▶ _Task statement_
For the data below, transcribe the part that opens with the line containing "Δερμάτινη τσάντα Pinko" and closes with the line containing "2023 ONE PIECE", exactly and with no pictures.

▶ _Data provided_
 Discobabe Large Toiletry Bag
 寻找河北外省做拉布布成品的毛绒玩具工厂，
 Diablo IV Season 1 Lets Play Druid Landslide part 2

---

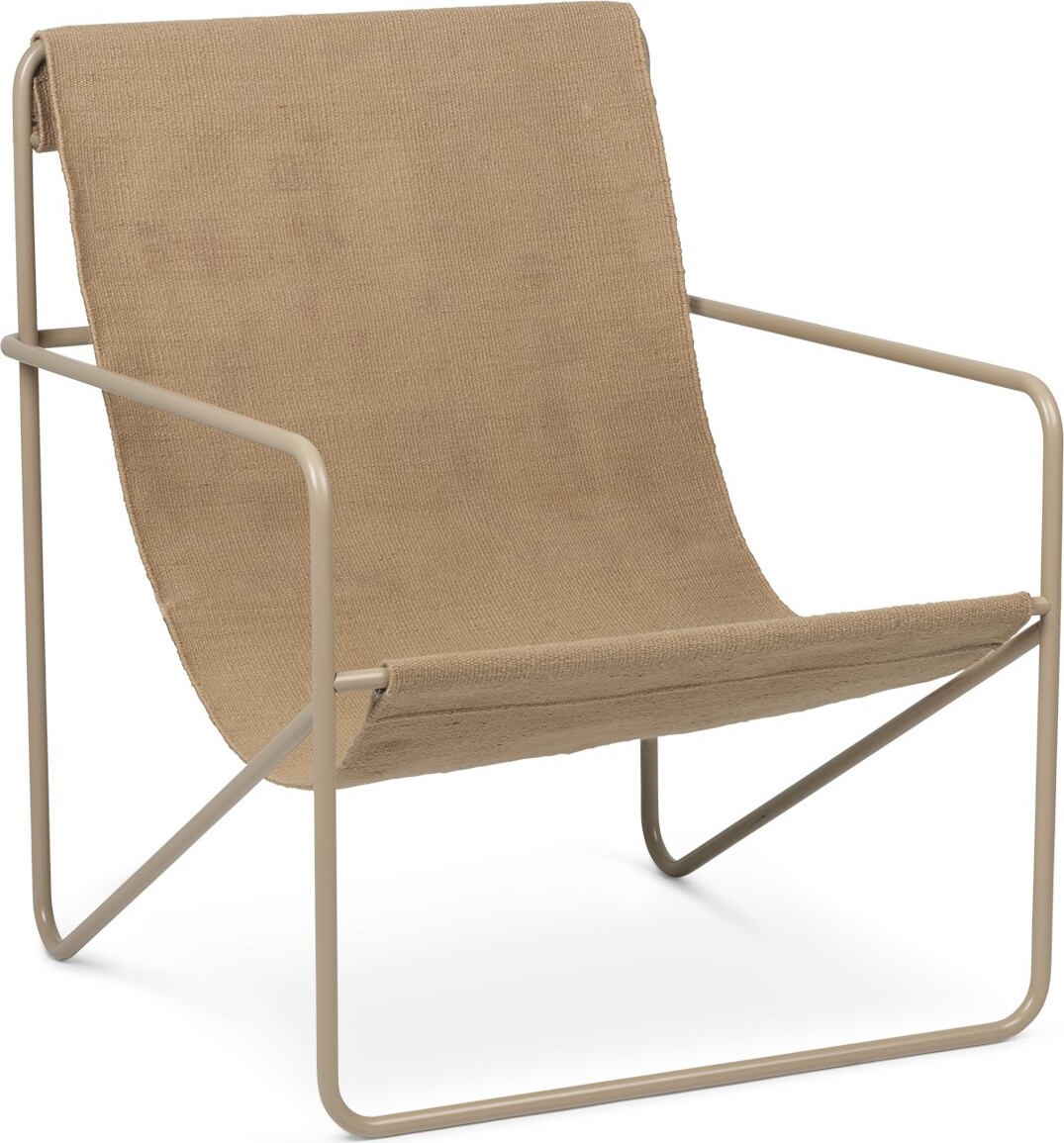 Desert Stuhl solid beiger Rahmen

==

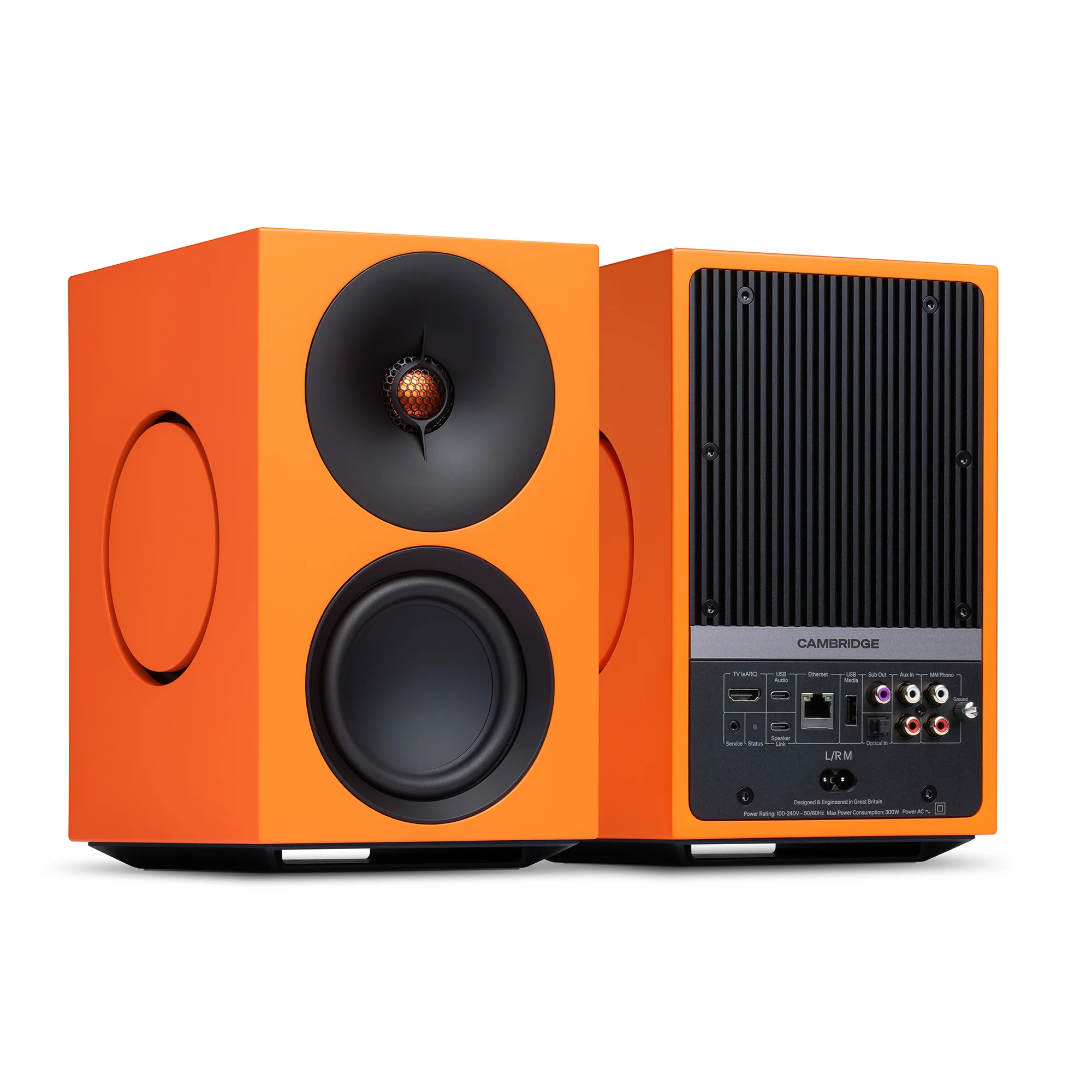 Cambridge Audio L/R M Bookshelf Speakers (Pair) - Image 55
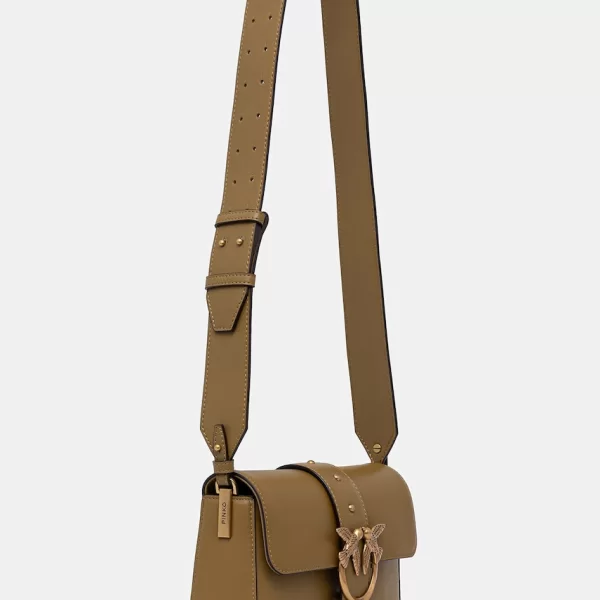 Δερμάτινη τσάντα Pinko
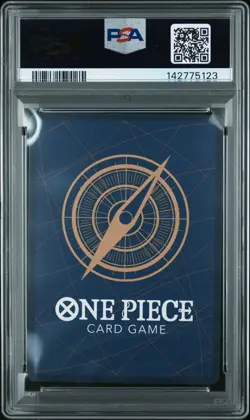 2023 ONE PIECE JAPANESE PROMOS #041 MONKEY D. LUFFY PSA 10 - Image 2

▶ _Answer section_
 Δερμάτινη τσάντα Pinko
 2023 ONE PIECE JAPANESE PROMOS #041 MONKEY D. LUFFY PSA 10 - Image 2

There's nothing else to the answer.